92 In Plaintiff S157 of 2002 v Commonwealth of Australia (2003) 195 ALR 24 ("Plaintiff S157/2002") the High Court considered whether s 474 was inconsistent with s 75(v) of the Constitution and, if so, invalid. In concluding that there was no inconsistency, in their joint judgment Gaudron, McHugh, Gummow, Kirby and Hayne JJ made a number of observations concerning reconciling s 474 with the procedural requirements laid down by the Act. Their Honours stated at 44 [69] - [70]:
"Although s 474 does not purport to effect a repeal of statutory limitations or restraints, it should be noted that it may be that, by reference to the words of s 474, some procedural or other requirements laid down by the Act are to be construed as not essential to the validity of a decision. However, that is a matter that can only be determined by reference to the requirement in issue in a particular case.

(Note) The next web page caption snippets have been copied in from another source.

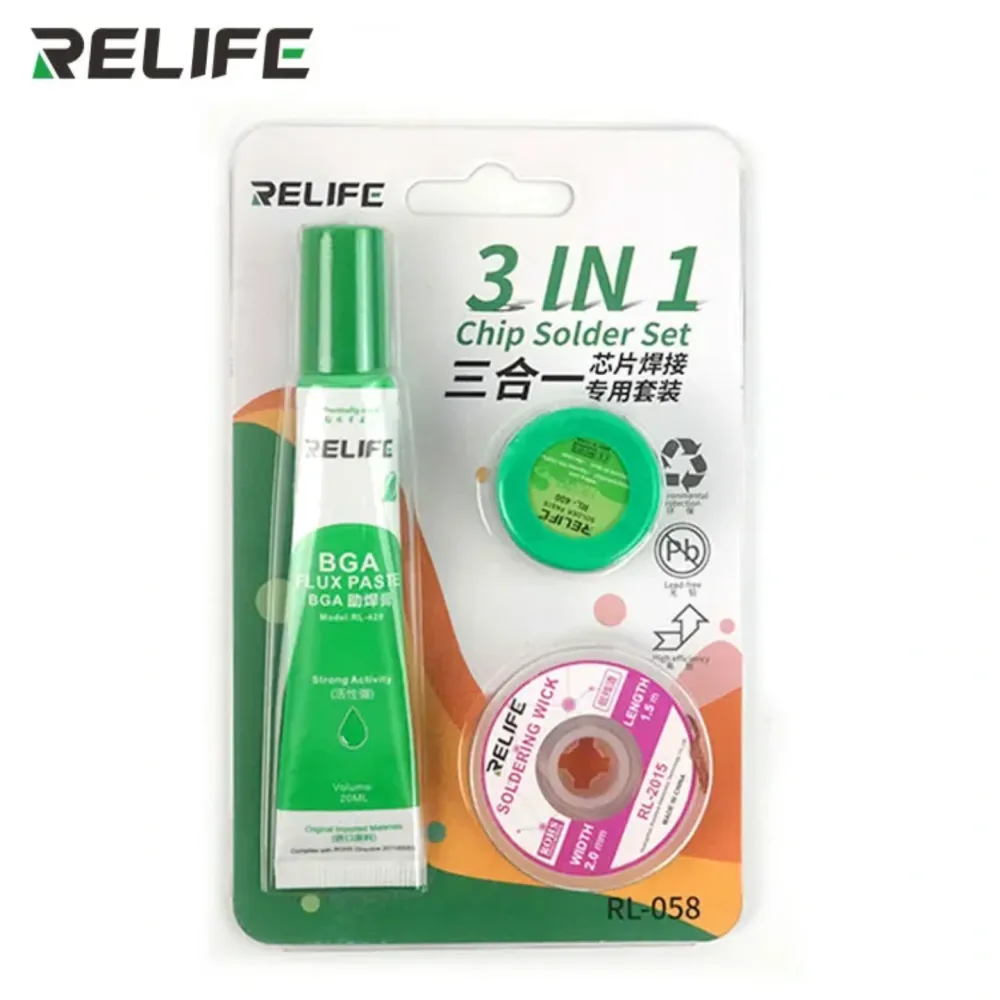 CHIP SOLDER SET 3IN1 RELIFE RL-058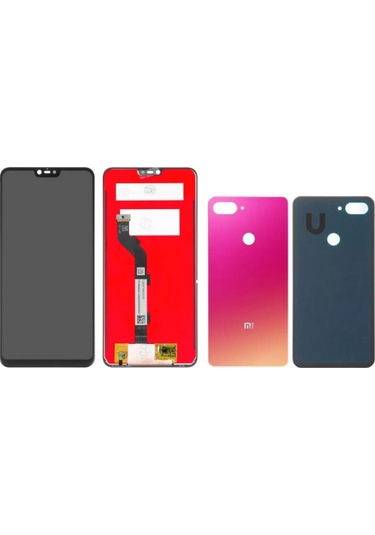 TeknikEvim Xiaomi Uyumlu Mi 8 Lite Lcd Ekran Dokunmatik+Arka Pil Kapağı (246980634)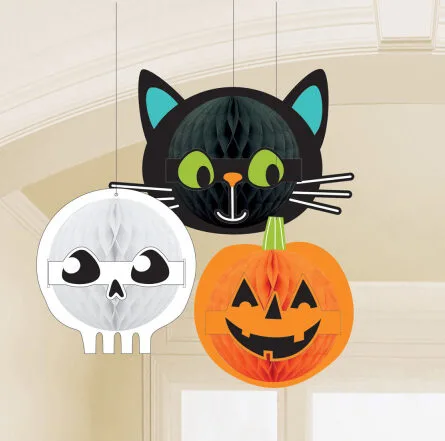 Διακοσμητικές Κυψέλες Halloween Friends (3 τεμ)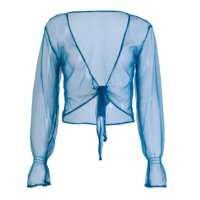 Къса тюлена блуза цвят петрол 3611, снимка 1 - Други - 40629774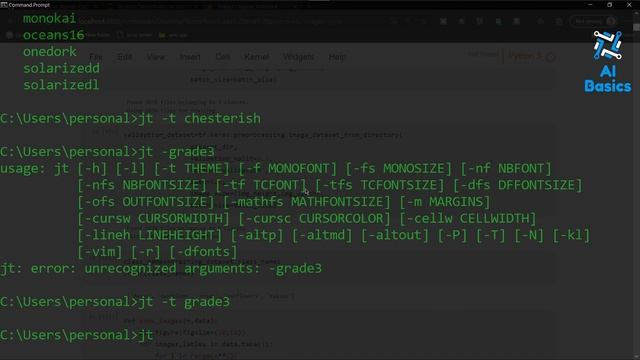 how to change jupyter notebooks themes смотреть онлайн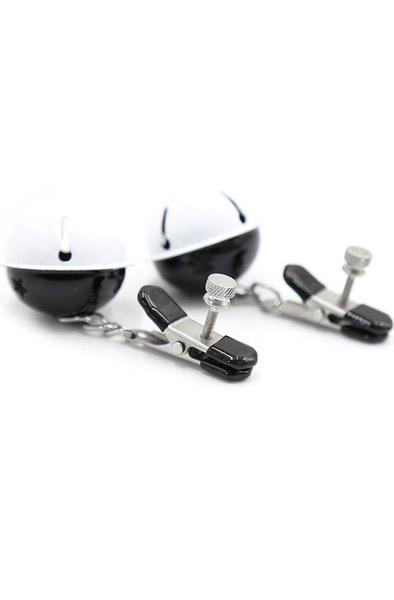 Fetish Addict Nipple Clamps With Bell Bröstvårtsklämmor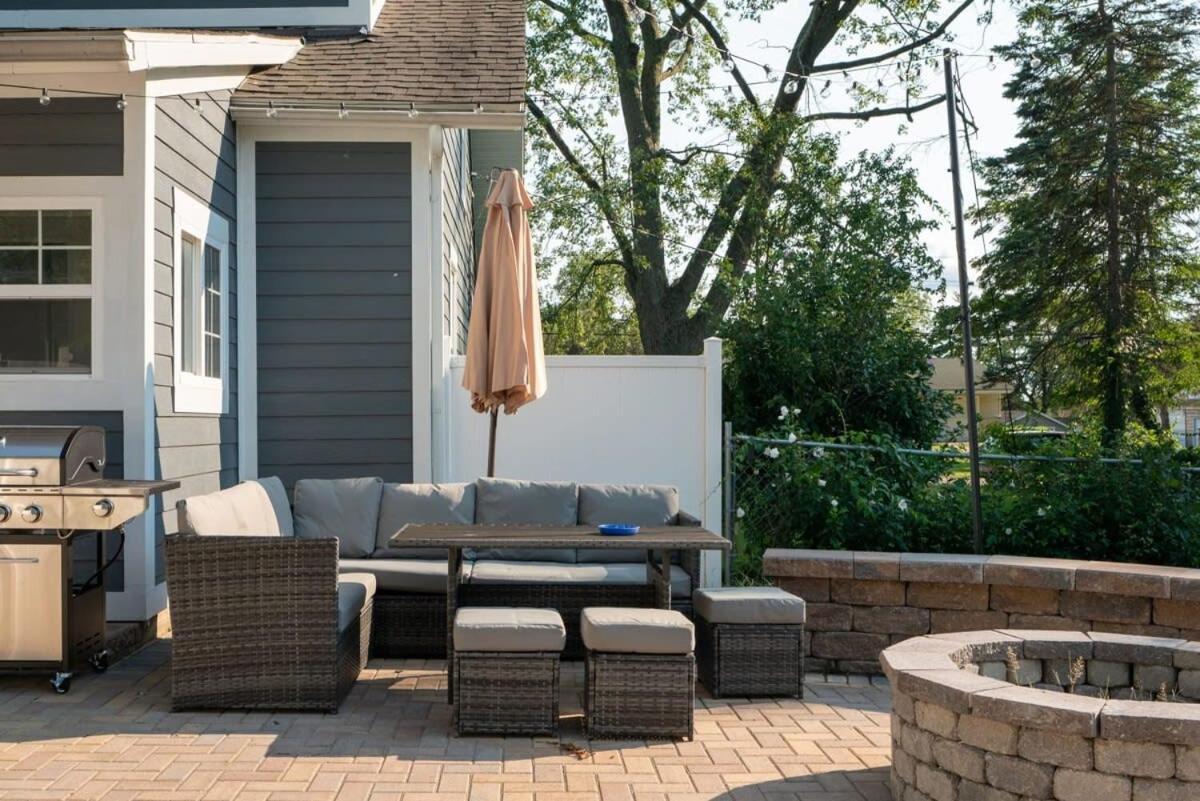 The Lucky Charm Home Of The Fighting Irish! Bbq Outdoor Games Coffee 사우스벤드 외부 사진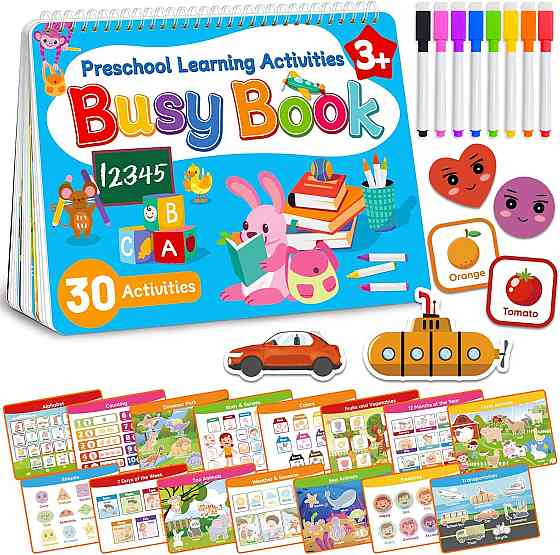 Busy Book for Toddlers - Preschool Learning Activities, Coloring Activity Books for Kids Ages 3-5, M Richmond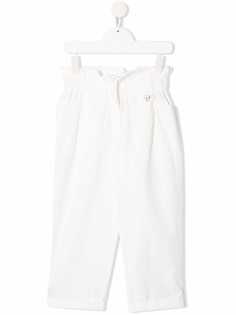 TWINSET Kids брюки прямого кроя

Of course, the process of reconciliation elaborated by Dixon J in Murray which may result in some procedural or other requirement being construed as not essential to the validity of an act or decision, is necessary only if there is an apparent conflict between the provisions which impose those requirements and the privative clause in question. Thus, if reliance is placed on a privative clause, the first step must be to ascertain its meaning or, as Dixon J put it in Murray, to ascertain 'the protection it purports to afford'." [Footnotes omitted]
and at 45-46 [76] - [78]:
"Once it is accepted, as it must be, that s 474 is to be construed conformably with Ch III of the Constitution, specifically, s 75, the expression 'decision[s] ... made under this Act' must be read so as to refer to decisions which involve neither a failure to exercise jurisdiction nor an excess of the jurisdiction conferred by the Act. Indeed so much is required as a matter of general principle. This Court has clearly held that an administrative decision which involves jurisdictional error is 'regarded, in law, as no decision at all'. Thus, if there has been jurisdictional error because, for example, of a failure to discharge 'imperative duties' or to observe 'inviolable limitations or restraints', the decision in question cannot properly be described in the terms used in s 474(2) as 'a decision ... made under this Act' and is, thus, not a 'privative clause decision' as defined in ss 474(2) and (3) of the Act.
To say that a decision that involves jurisdictional error is not 'a decision ... made under [the] Act' is not to deny that it may be necessary to engage in the reconciliation process earlier discussed to ascertain whether the failure to observe some procedural or other requirement of the Act constitutes an error which has resulted in a failure to exercise jurisdiction or in the decision-maker exceeding its jurisdiction.
The effect of s 474 is to require an examination of limitations and restraints found in the Act. There will follow the necessity, if s 474 is constitutionally valid and if proceedings are brought by the plaintiff in accordance with the draft Order Nisi, to determine, in those proceedings, whether, as a result of the reconciliation process, the decision of the Tribunal does or does not involve jurisdictional error and, accordingly, whether it is or is not a 'privative clause decision' as defined in s 474(2) of the Act." [Footnotes omitted]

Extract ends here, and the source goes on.